Behrooz Razeghi
Ph.D., Computer Science
M.Sc., Applied Mathematics
M.Sc., Electrical Engineering
B.Sc., Electrical Engineering
M.Sc., Applied Mathematics
M.Sc., Electrical Engineering
B.Sc., Electrical Engineering
Welcome!
I am currently a Postdoctoral Fellow at Harvard University, where I began my appointment in October 2024. Under the mentorship of Professor Flavio P. Calmon, my research focuses on Trust in Generative AI.
From December 2022 to August 2024, I was a Postdoctoral Researcher in the Biometric Security & Privacy group at the Idiap Research Institute, working under the supervision of Professor Sébastien Marcel. I received my Ph.D. in Computer Science from the University of Geneva in 2022, where I was advised by Professor Slava Voloshynovskiy in the Stochastic Information Processing (SIP) group.
During my Ph.D., I spent six months as a Visiting Research Fellow at Harvard University, collaborating with Professor Flavio P. Calmon, and another six months as a Visiting Research Scholar at Imperial College London, working with Professor Deniz Gündüz.

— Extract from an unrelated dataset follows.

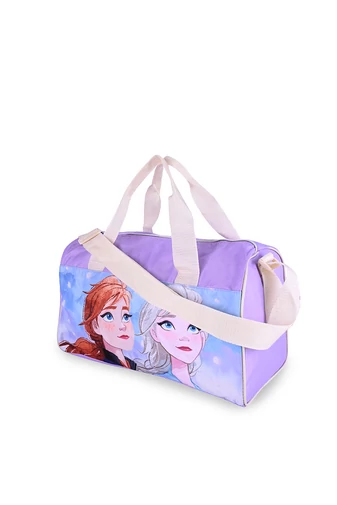 Fialová Športová taška pre deti s rozprávkovým motívom Elsa a Anna, veľkosť 22*37*17cm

Prior to my Ph.D., I earned an M.Sc. in Mathematics (Numerical Analysis) from Iran University of Science and Technology in 2017, and an M.Sc. in Electrical Engineering (Communications Systems) from Ferdowsi University of Mashhad in 2014, advised by Professor Touraj Nikazad and Professor Ghosheh Abed Hodtani, respectively.
My research interests lie at the intersection of machine learning, information theory, and signal processing, with a focus on data privacy, representation learning, algorithmic fairness, and federated learning. My research addresses the following key questions within these topics:
How can we design and implement robust privacy-preserving mechanisms to protect sensitive data in applications such as biometric systems and digital health problems?
How can we enhance representation learning techniques to improve the accuracy, fairness, interpretability, privacy, robustness, and generalizability of machine learning models?
What methodologies can effectively identify, quantify and mitigate biases in both human decisions and model predictions?
How can we optimize federated learning models to balance privacy, computational efficiency, and scalability in distributed systems?
These questions have significant implications for the development of trustworthy AI technologies in domains such as biometrics, healthcare, and medical imaging.